Scientists identify structure of crucial enzyme in cell division

Understanding the structure of this enzyme, separase, could lead to better treatments for cancer, which occurs when cells divide out of control, said Dr. Hongtao Yu, Professor of Pharmacology and a Howard Hughes Medical Institute (HHMI) Investigator at UT Southwestern.

"Chromosomes contain the genetic blueprint for life, and must be precisely duplicated and equally partitioned during each cell division. The cohesin complex forms a molecular ring to encircle the duplicated chromosomes and tether them together until the moment of chromosome separation," said Dr. Yu, senior author of the study published online in Nature. "In organisms from fungi to humans, separase -- an enzyme that breaks down proteins -- cleaves and opens the cohesin ring to allow chromosome separation and subsequent partition into the two new daughter cells."

Despite its central role in cell biology, the atomic structure of separase has eluded scientists since its discovery nearly two decades ago. This situation left a void in the understanding of the enzyme's mechanism and regulation, the researchers said.
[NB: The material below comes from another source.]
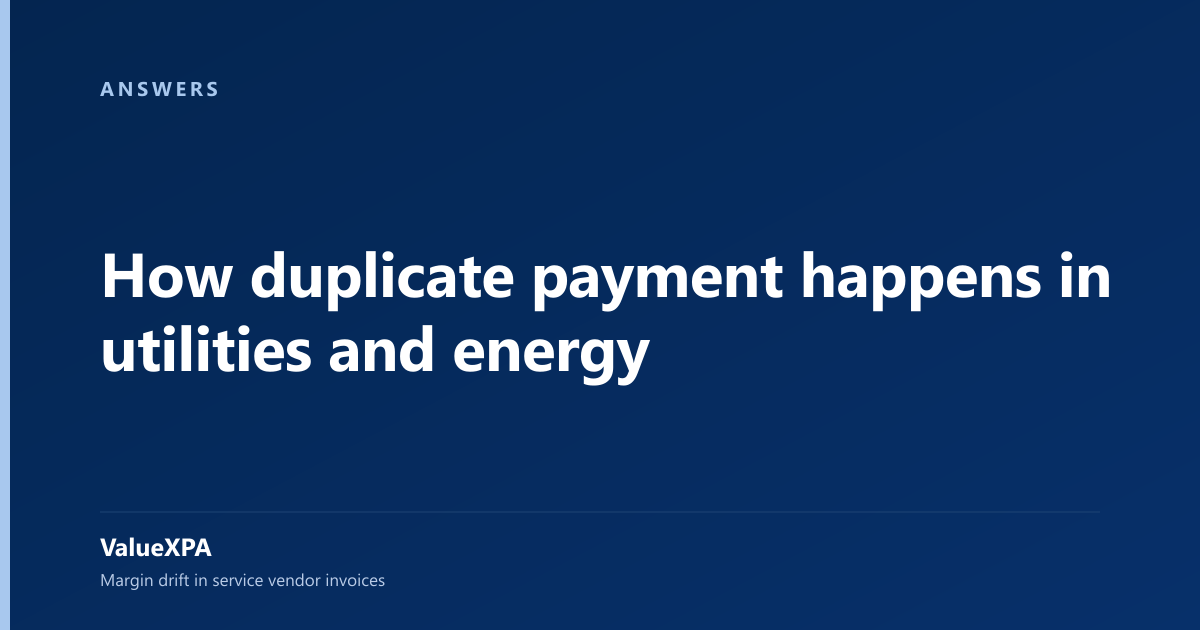 How duplicate payment happens in utilities and energy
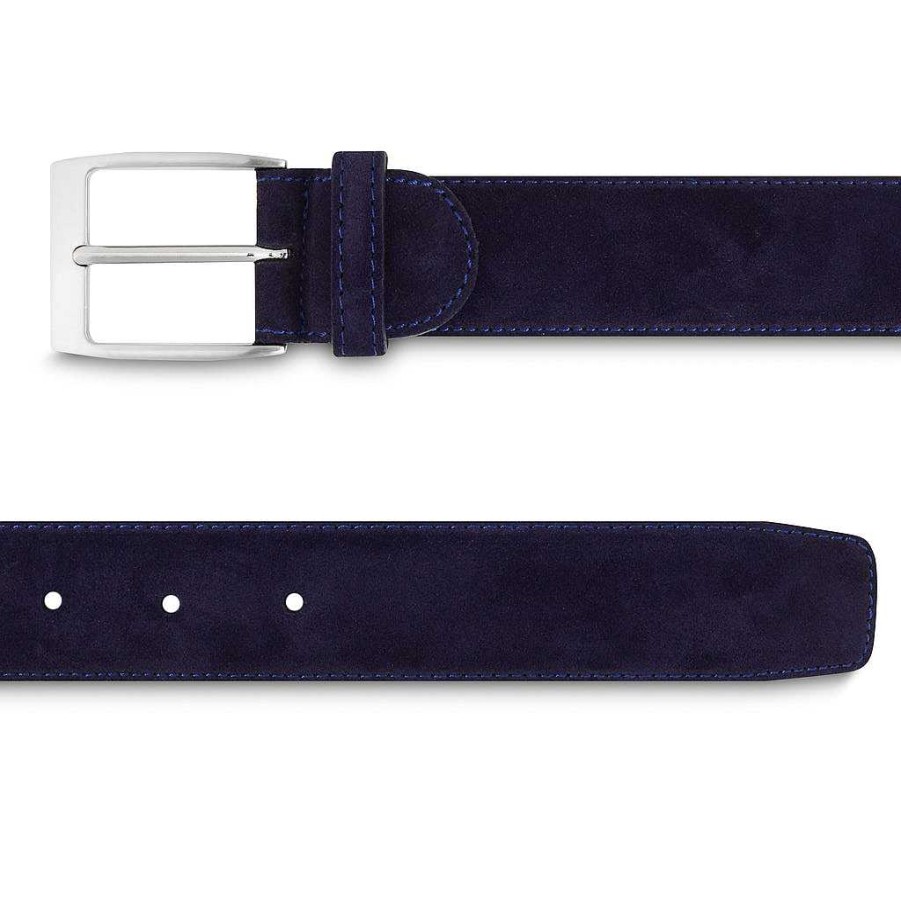 LodinG Navy Blue Suede Calfskin Belt Clearance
"We determined the atomic structure of separase from a fungus that can grow at high temperatures. The structure reveals how separase recognizes and cleaves the cohesin ring, allowing the chromosomes to separate," said Dr. Yu, a Michael L. Rosenberg Scholar in Medical Research and member of the Harold C. Simmons Comprehensive Cancer Center at UT Southwestern. "This particular protein is very unstable in species that grow at normal temperature, such as human body temperature, but was more stable in the high-temperature fungus that we studied."

Because of the enzyme's role in cell division, chemical inhibitors of separase are expected to block cell proliferation and therefore may have therapeutic value in treating cancer.

"The fungal separase that we studied is very similar to human separase. For that reason, we believe our structure will aid in the design of such inhibitors," he said, "because once you have the shape of the structure, you can computationally look for molecules that will bind to it."

Study co-authors included Dr. Zhonghui Lin, a research specialist at the HHMI and in the Department of Pharmacology, and Dr. Xuelian "Sue" Luo, Associate Professor of Pharmacology and Biophysics.